TinySleepNet: An Efficient Deep Learning Model for Sleep Stage Scoring based on Raw Single-Channel EEG
Summary
TinySleepNet offers an efficient deep learning model for automatic sleep stage scoring using raw EEG. This approach requires less data and computational power while achieving state-of-the-art performance across diverse datasets.
Area of Science:
- Artificial Intelligence
- Neuroscience
- Biomedical Engineering
Background:
- Deep learning models are increasingly used for automatic sleep stage scoring.
- Existing models are often complex, requiring large datasets and extensive tuning.
- Class-imbalanced and limited sleep data pose significant challenges for model training.
Purpose of the Study:
- To propose an efficient deep learning model, TinySleepNet, for automatic sleep stage scoring.
- To introduce a novel end-to-end training technique for raw single-channel EEG.
- To develop a model that is less computationally intensive and requires less training data.
Main Methods:
- Developed TinySleepNet, a deep learning model with fewer parameters.

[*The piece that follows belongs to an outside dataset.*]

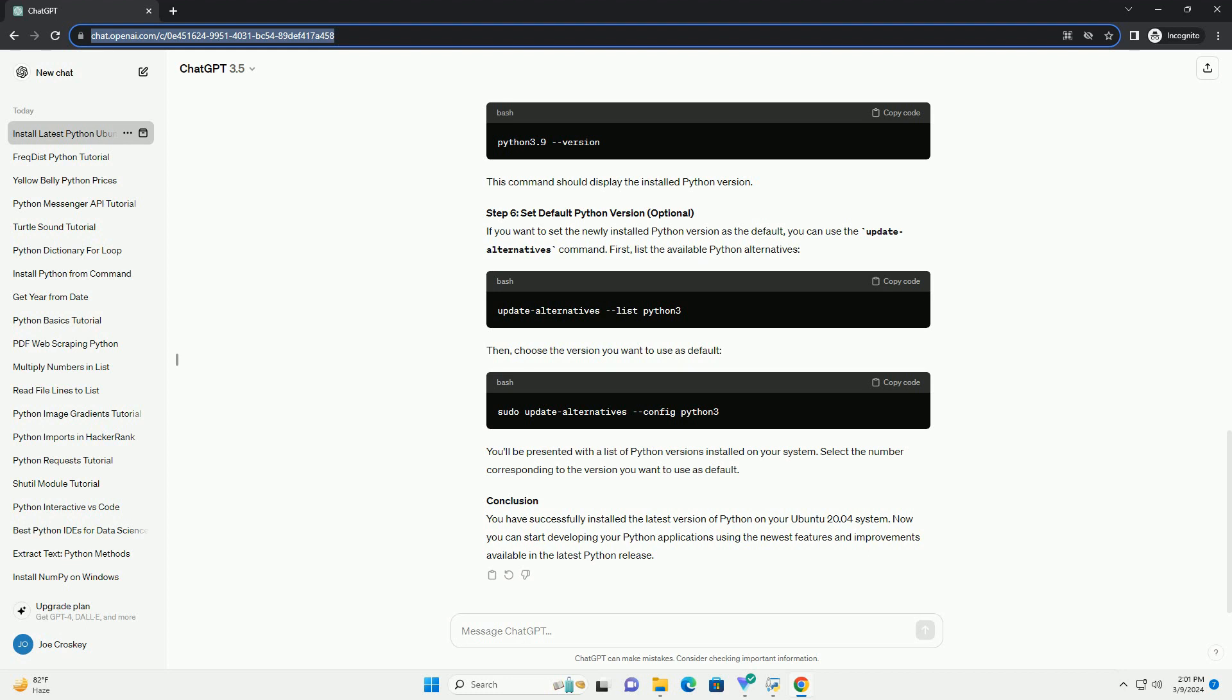Chat GPT. Tutorial: Installing the latest Python on Ubuntu 20.04. Python is a versatile programming language used in a wide range of applications, from web development to scientific computing. Ubuntu 20.04 comes with Python pre-installed, but often you might need a newer version for your projects. In this tutorial, we'll walk through the steps to install the latest version of Python on Ubuntu 20.04.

- Implemented an end-to-end training approach using raw single-channel EEG.
- Incorporated data augmentation techniques to enhance robustness and prevent sequence memorization.
Main Results:
- TinySleepNet demonstrated comparable or superior performance to state-of-the-art methods across seven diverse public sleep datasets.
- The model requires significantly less training data and computational resources.
- The proposed training technique improved robustness to temporal shifts and prevented sequence recall.
Conclusions:
- TinySleepNet provides an efficient and effective solution for automatic sleep stage scoring.
- The model generalizes well across various sleep datasets with different characteristics.
- This approach offers a practical alternative for sleep analysis using limited resources.